Solo riconoscendo – con una presa d’atto forse dolorosa per l’immagine che ciascuno coltiva di sé stesso – che il mancato rispetto degli interessi e diritti altrui è qualcosa di connaturato nella natura umana si potrà andare efficacemente alla ricerca di strumenti idonei a prevenire drammi come quello di Brandizzo. Tale risultato non può essere perseguito semplicemente punendo i responsabili: sanzioni severe sono già previste ma spesso non fungono da deterrente perché l’imprenditore che pone in essere condotte pericolose agisce convinto (o semplicemente sperando) che non si verifichi nulla di grave e quindi non considera il peso della possibile punizione. Inoltre, verifiche e ispezioni sono già previste e una loro intensificazione difficilmente potrà raggiungere la diffusività così capillare che si ritiene necessaria.
Piuttosto, posto che l’adozione di comportamenti irresponsabili, la sottovalutazione del rischio nel perseguimento del profitto, il disinteresse verso la sorte altrui sono atteggiamenti non completamente arginabili, occorre far crescere nelle imprese la cultura del risk management (più l’imprenditore ha consapevolezza della probabilità del verificarsi di un evento disastroso e delle conseguenze economiche negative che ne derivano per l’azienda e più cerca di abbassare la possibilità che ciò si verifichi) e stabilire che la politica della sicurezza deve essere intesa a introdurre nelle imprese sistemi precauzionali che attenuino le conseguenze delle condotte irragionevoli, minimizzando gli effetti dannosi che ne possono derivare.
Nel caso di Brandizzo, ad esempio, sarebbe bastato che il sistema di allarme per la circolazione ferroviaria fosse in grado di percepire la presenza sui binari di soggetti estranei per evitare il disastro.
Quest’ultimo punto ci sembra particolarmente rilevante, essendo necessario insistere con forza sulla necessità di introdurre tali sistemi preventivi, tali strumenti di sicurezza in grado di attivarsi a prescindere dall’intervento e dalla decisione dell’uomo.

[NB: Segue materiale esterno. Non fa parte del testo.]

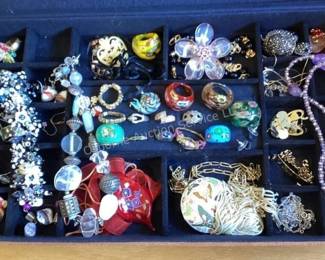 Costume jewelry (more in catalog)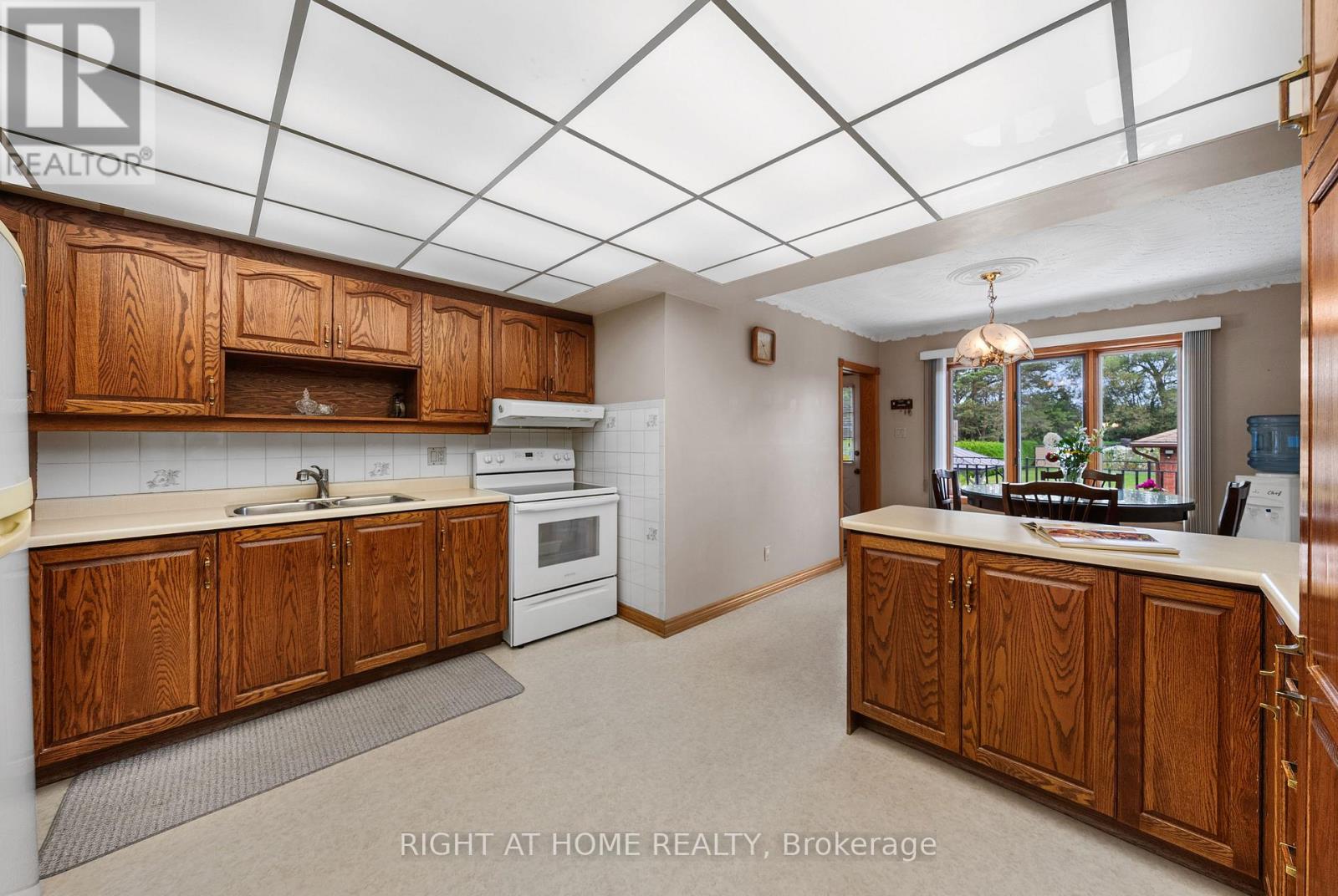 592 Taunton Road W, Oshawa, Ontario  L1H 7K4 - Photo 49 - E13639480
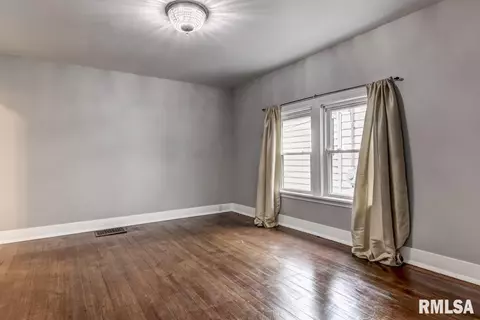 1126 S Walnut St, Springfield, IL 62704 photo 9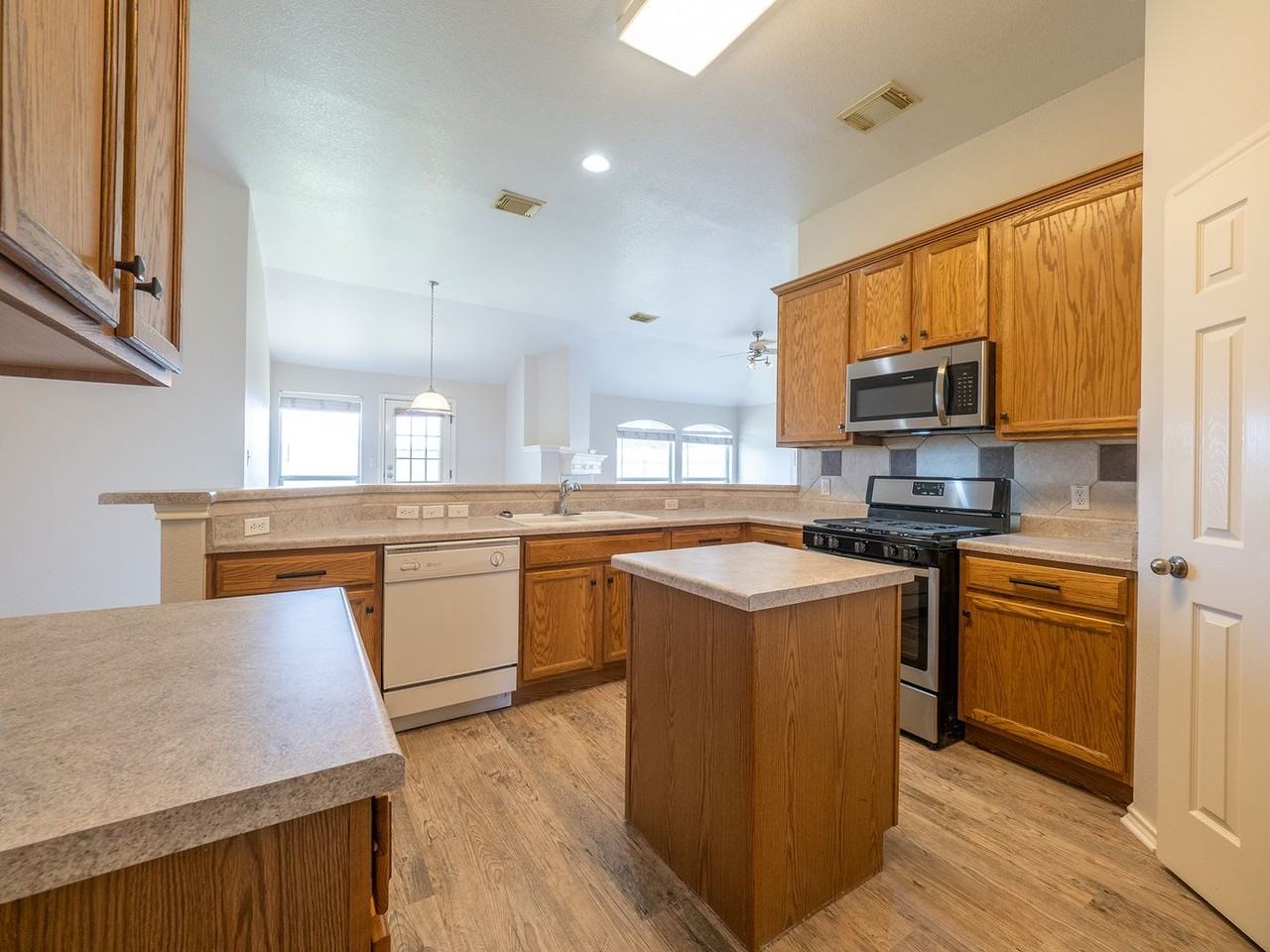 1727 Rosenborough Ln S - Photo 7 of 20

Va considerato, infatti, che se vi sono ipotesi in cui l’incidente sul lavoro è addebitabile al datore di lavoro che, per aumentare i suoi ricavi, fa lavorare i suoi dipendenti in condizioni di pericolo, non garantendo la sicurezza sui luoghi di lavoro, non mancano i casi (che, anzi, diversamente da quanto si ritiene, sono assai più frequenti rispetto all’ipotesi in precedenza richiamata) in cui l’incidente, il disastro sono dovuti ad una disattenzione, alla superficialità dello stesso lavoratore che si infortuna o di suoi colleghi.

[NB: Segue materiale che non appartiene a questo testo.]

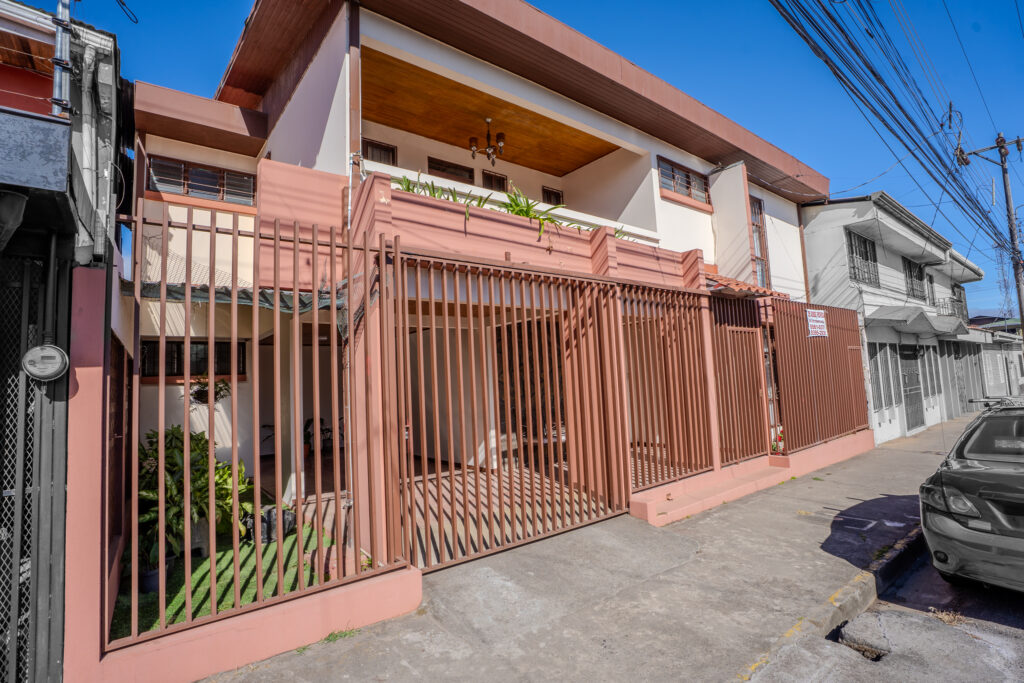 Prime Commercial Opportunity: High-Value Property in the Heart of San Ramón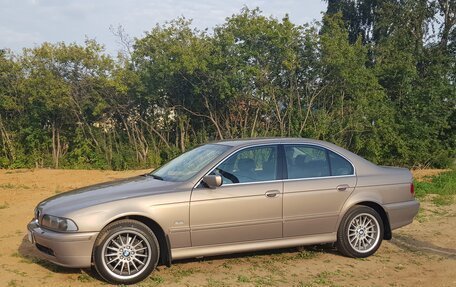 BMW 5 серия, 2002 год, 2 392 000 рублей, 17 фотография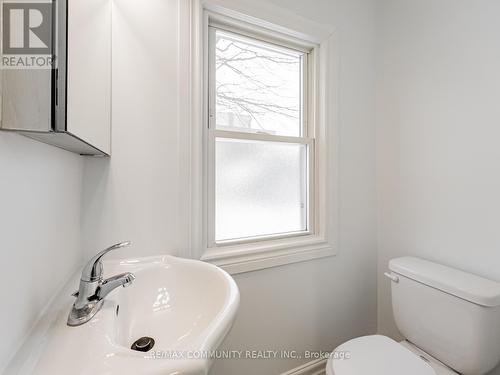 80 Livingston Avenue, Grimsby, ON - Indoor Photo Showing Bathroom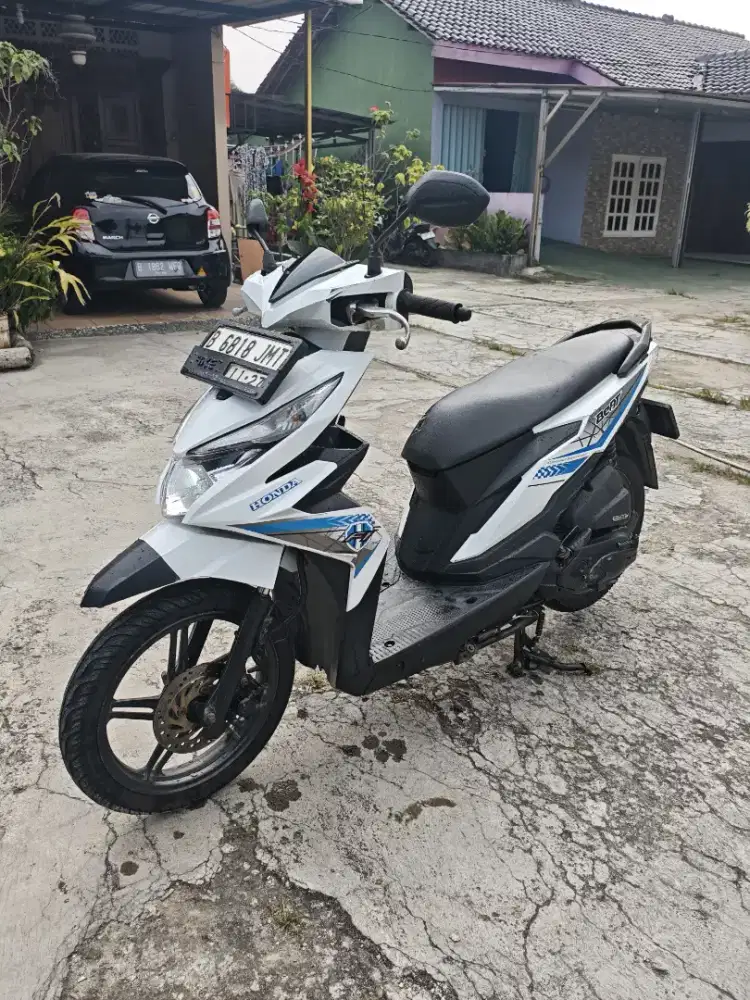 Honda beat 2017 putih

Proprio la vicenda del disastro di Brandizzo conferma questa riflessione: diversamente da altre vicende in cui l’accaduto è attribuibile a carenze circa la sicurezza sul luogo di lavoro, carenza a sua volta conseguente all’incuria del datore di lavoro, nel caso in esame, da quello che emerge dalle prime ricostruzioni, a Brandizzo l’accaduto è dipeso da una scellerata scelta di soggetti che si trovavano sul luogo del sinistro e che quindi avrebbero (anche) loro subito le nefaste e devastanti conseguenze della loro condotta imprudente. Ciò dimostra quindi come sia inutile insistere esclusivamente sulle responsabilità individuali e sulla capacità dei singoli di prestare adeguata attenzione ai loro compiti: la disattenzione, l’errore, sono un elemento ineliminabile della quotidianità cui si deve fare fronte (anche) con l’adozione di meccanismi e strumenti in grado di funzionare a prescindere dall’intervento umano.